Вместе с тем осуждающий тон в письме присутствует, и, как бы его ни оценивать, он является прямой функцией развившегося сознания «объективного вреда», который может нанести общему делу «субъективная польза». Продвинутость Рутенберга по диалектическому курсу признания демагогической максимы «коллектив – все, единица – ничто» вроде бы налицо. Его аргументы выглядят трезво и весомо, хотя сквозь призму минувшего основная мысль автора письма о том, что протест Жаботинского «со товарищи» объективно наносит урон сионизму, выглядит в особенности небесспорной. Впрочем, ответ на вопрос, прав ли был Рутенберг или нет, принадлежит скорее моральной, нежели исторической стороне затронутой темы. Одно несомненно: любивший и высоко ценивший Жаботинского, относившийся к нему, еще со времен Легиона, не просто по-приятельски корректно, но истинно дружески, Рутенберг, однако, избирает для письма тон холодно-деловитый, даже жесткий. Но именно этот тон сильнее любых слов сочувствия обнажал его действенную заботу об узниках британской Фемиды. Речь Рутенберга (а текст послания в известном смысле носит характер публичной речи, форму «открытого письма» – не случайно в заключении автор говорит о необходимости его опубликовать) рассчитана не столько на обвинительный или менторский эффект, сколько проникнута мыслью о слабости предпринятых Жаботинским политических шагов. Рутенберговская интонация, не лишенная осуждающей прямоты, в точности соответствовала основной задаче послания – разрядить излишнюю нервную атмосферу, возникшую не только вокруг ареста Жаботинского и его группы, но и в их собственных душах (недаром сквозным лейтмотивом через текст проходит повторенное несколько раз слово «истеричный»). Повторяем, мы не стремимся выяснить в данном случае правоту каждой стороны, а скорее подчеркиваем умно-холодный расчет Рутенберга, прекрасно понимавшего, с кем он имел дело. Жаботинский относился к той категории деятетелей, кому не нужно было дважды напоминать, что политическая борьба требует железной выдержки. Отсюда безусловная уверенность Рутенберга, что он будет правильно понят. Судя по всему, так оно и вышло: его письмо – урок практической политики, который он преподал одному из самых ярких деятелей сионистского движения, будущему лидеру ревизионизма, – было воспринято без обиды и в рамках общественных, а не личных «отношений»16.

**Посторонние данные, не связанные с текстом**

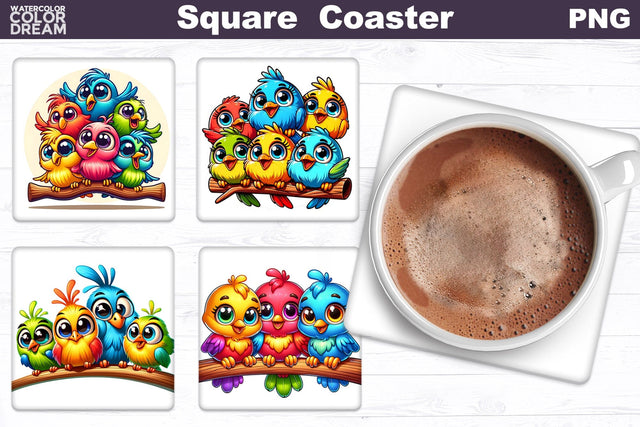 Bright Birds Square Coaster | Funny Birds Square Coaster Sublimation WatercolorColorDream 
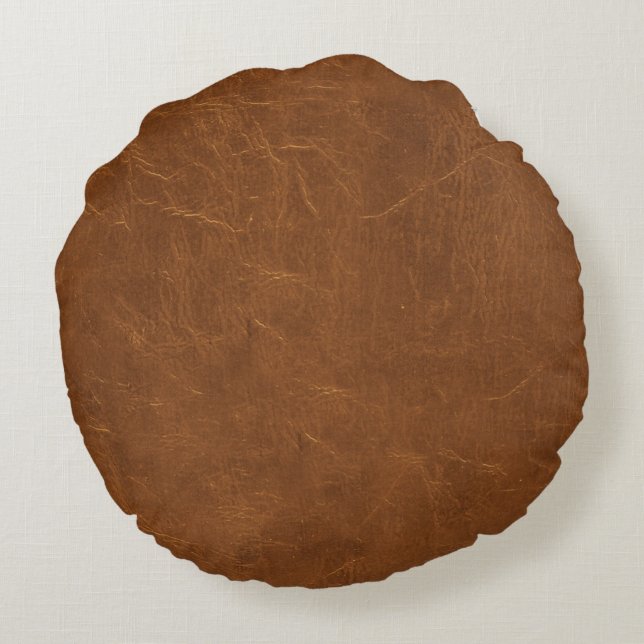 Natural Brown leather look Round Cushion (Back)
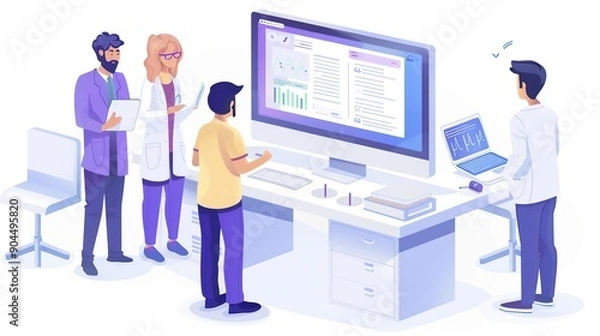 Obraz Medical Professionals Analyzing Data on Computers Illustration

Дорогой Владимир Евгеньевич!


Уезжаю. Видеть Вас перед отъездом не смогу.

Жаль. Но помочь нельзя. Каждый день дорог. Оставаться нельзя.

Хотелось бы видеть Вас, просто и хорошо попрощаться с Вами. Хотелось говорить с Вами о деле, о Вашем письме к еврейскому народу и других, дошедших до меня о Вас сведениях.

Отношусь к ним определенно отрицательно. Говорить с Вами лично о них не могу. Поэтому пишу.

Вы знаете, что я во многом, очень многом не согласен ни с ваад-Гациримом, ни с Вейцманом, ни с другими нашими лидерами. Знаете давно уже. И внешнюю и внутреннюю политику их считал и считаю неправильной. Часто очень вредной и губительной для нас.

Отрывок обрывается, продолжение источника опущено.